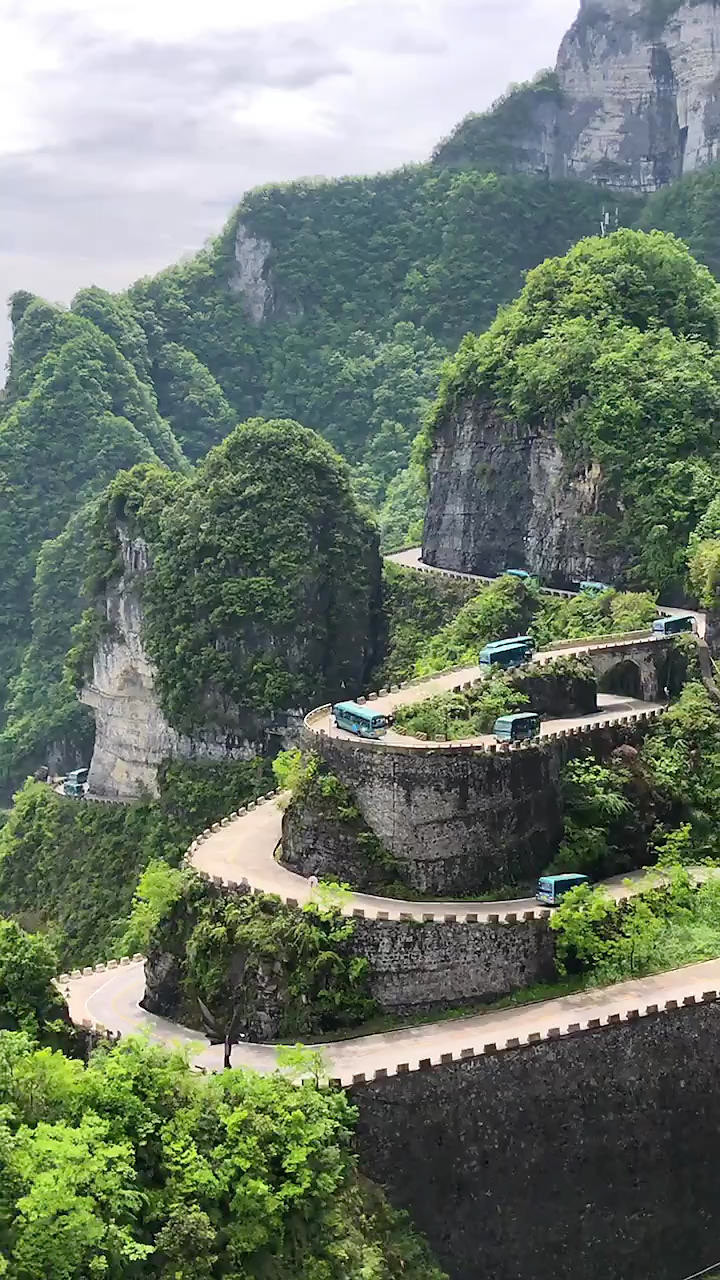 张家界最美公路图片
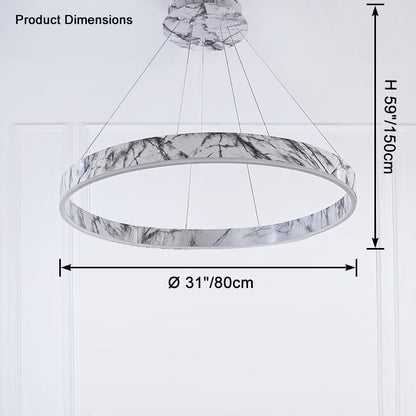 WOMO Tiered Circular Marble Chandelier-WM2460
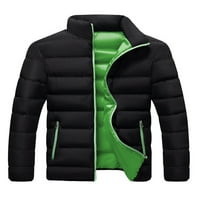 Bomotoo muške modne kapute puni zip runo odijelo Zimske tople casual prekrivene jakne na puhače crnim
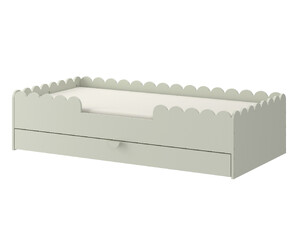 Bellamy BooK NooK bed 80x160 sage with drawer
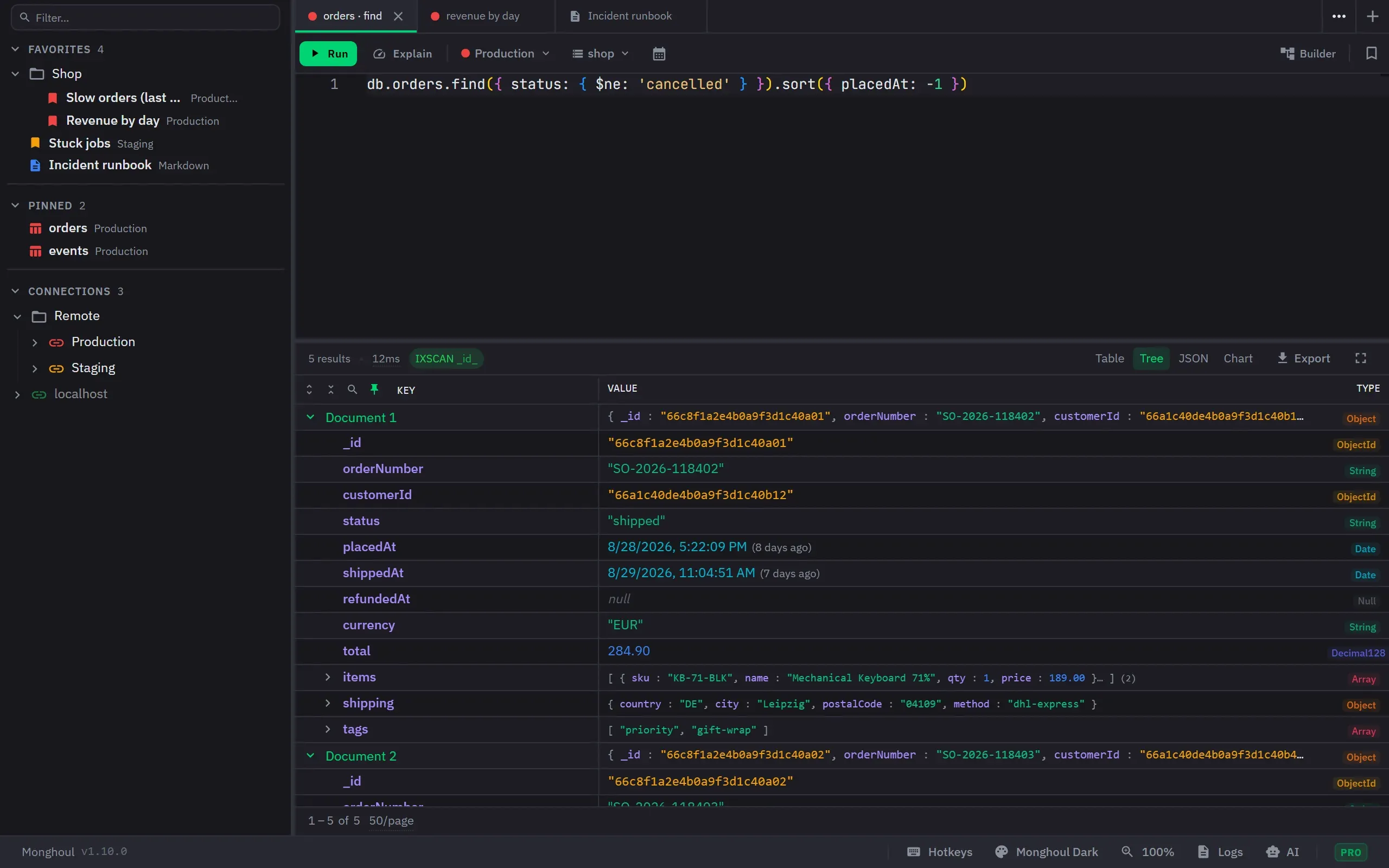The whole workspace rendered in the Monghoul Dark theme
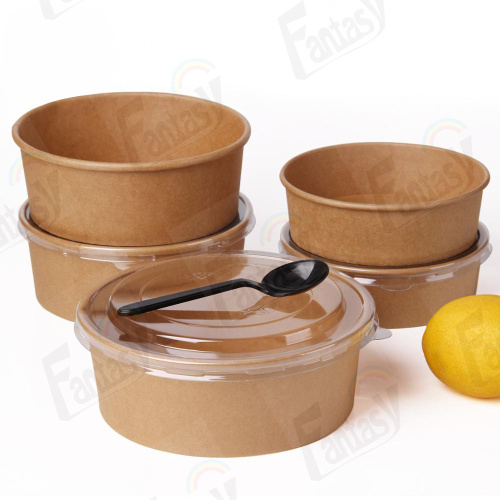 Takeaway Foods Paper Bowl Disposable Paper Bowl For Takeaway Foods Supplier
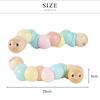 Classic World Caterpillar Pastel Rattle Squeeze and Wiggle Colorful Pale Wooden Perfect for Baby Girls and Half Years Baby Shower Educational Sports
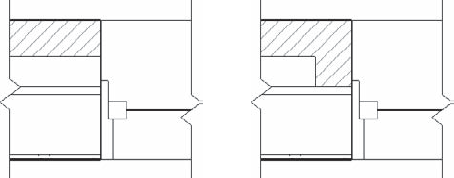 Layer wrapping is a result of a coordinated approach between wall layers and hosted families such as windows.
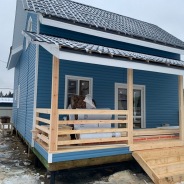 Фото готовых работ - Каркасный дом 11х7 м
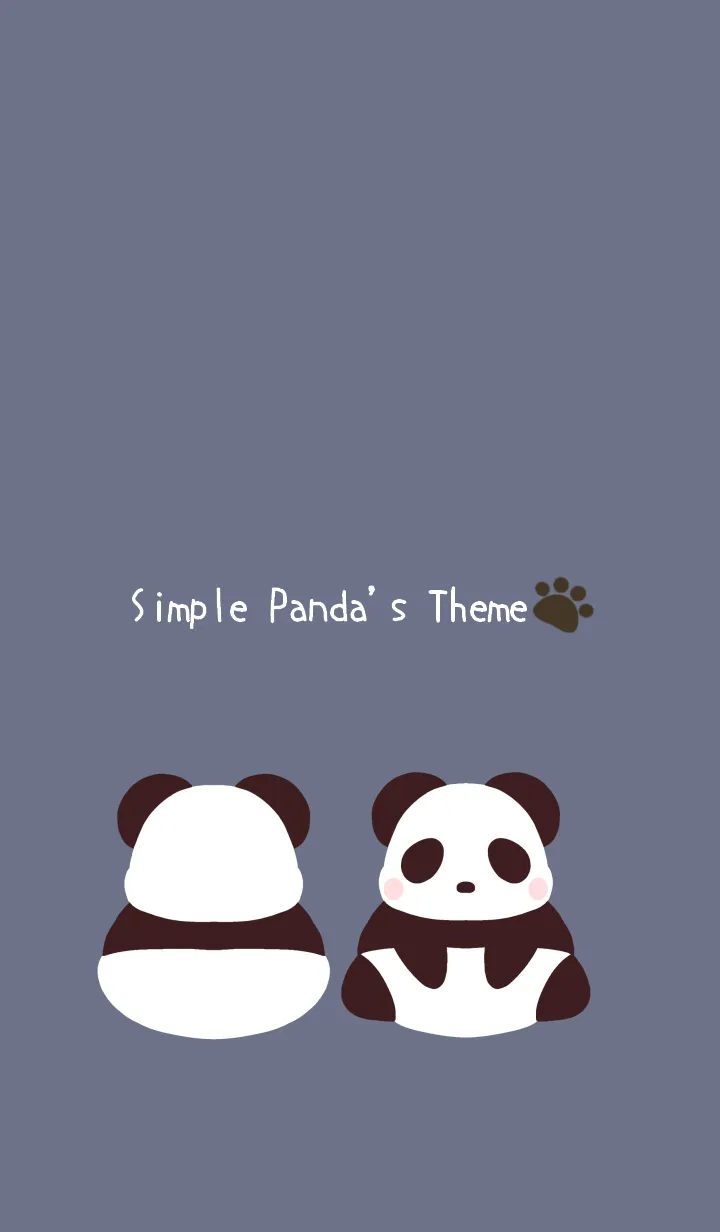 [LINE着せ替え] シンプルパンダの着せかえ くすみ紺の画像1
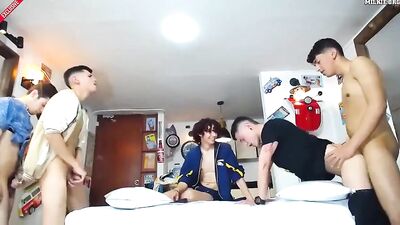 Gay Porn Foursome Group Latin Room Camboys Sex Tube Show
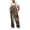 U8-Coffee, variant on Havenx Camo Overalls for Men Adjustable Straps Decayed Leaf Print Wide Leg Bib Overalls with Cargo Pockets Camouflage Jumpsuits Pants Hunting Fishing Outdoor Camping Work Outfits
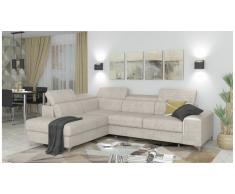 JUSTyou Caio Canapé d'angle Beige Velours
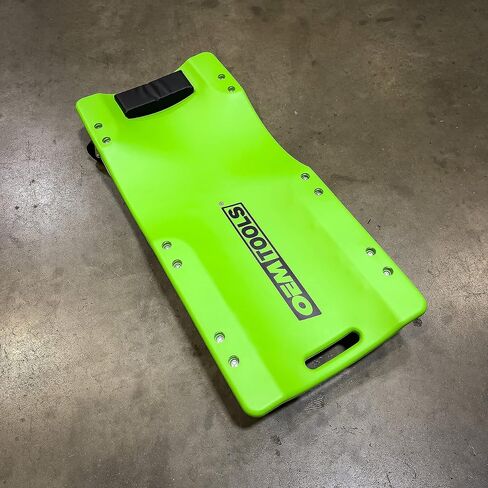 OEMTOOLS 24977 36" Mechanic’s Creeper with Headrest, Low Profile Creeper, Automotive Creeper, 350 Pound Weight Capacity, Green in Saudi Arabia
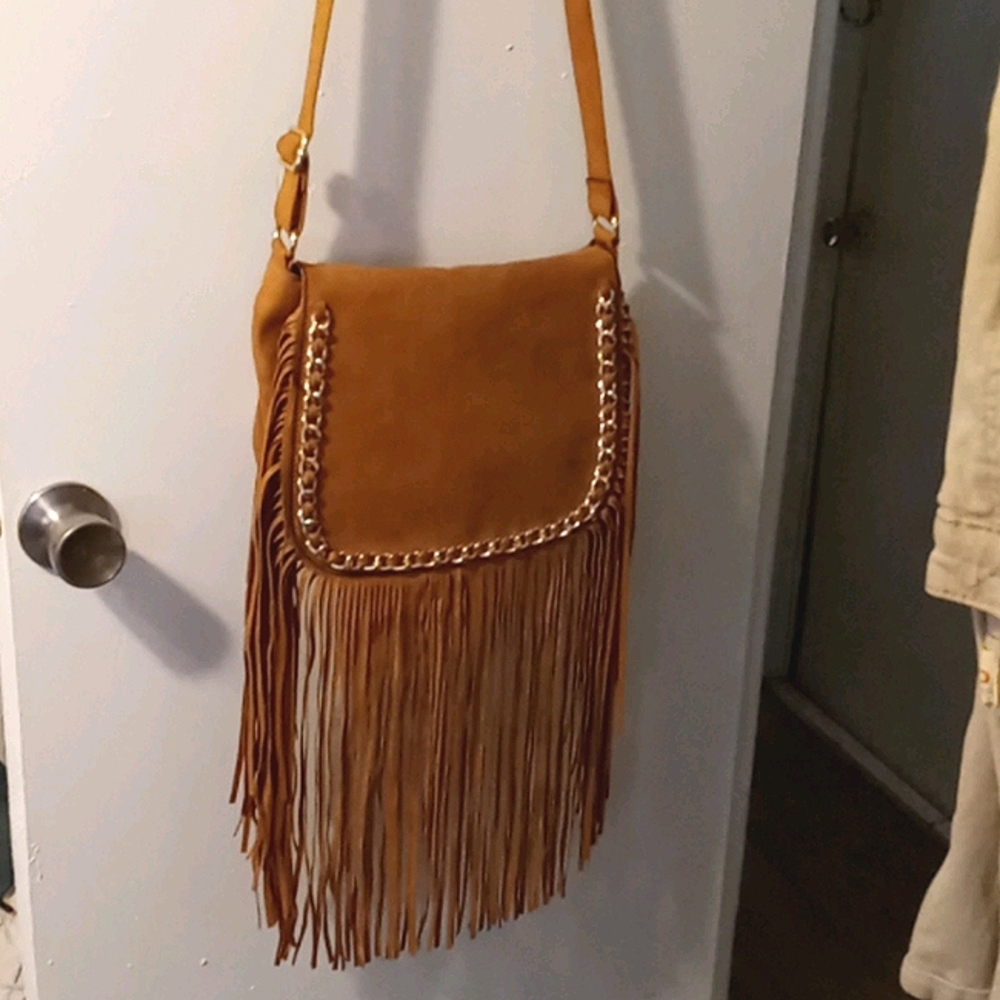 Side saddle purse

________________________________________

[WHAT NEEDS TO BE DONE]
The answer must be an exact copy of the lines from the one that holds "Classic World Caterpillar" through the end of the data, both included, with no pictures.

[ANSWER AREA]
 Classic World Caterpillar Pastel Rattle Squeeze and Wiggle Colorful Pale Wooden Perfect for Baby Girls and Half Years Baby Shower Educational Sports
 Layer wrapping is a result of a coordinated approach between wall layers and hosted families such as windows.
 Фото готовых работ - Каркасный дом 11х7 м
 [LINE着せ替え] シンプルパンダの着せかえ くすみ紺の画像1
 Gay Porn Foursome Group Latin Room Camboys Sex Tube Show
 U8-Coffee, variant on Havenx Camo Overalls for Men Adjustable Straps Decayed Leaf Print Wide Leg Bib Overalls with Cargo Pockets Camouflage Jumpsuits Pants Hunting Fishing Outdoor Camping Work Outfits
 JUSTyou Caio Canapé d'angle Beige Velours
 OEMTOOLS 24977 36" Mechanic’s Creeper with Headrest, Low Profile Creeper, Automotive Creeper, 350 Pound Weight Capacity, Green in Saudi Arabia
 Side saddle purse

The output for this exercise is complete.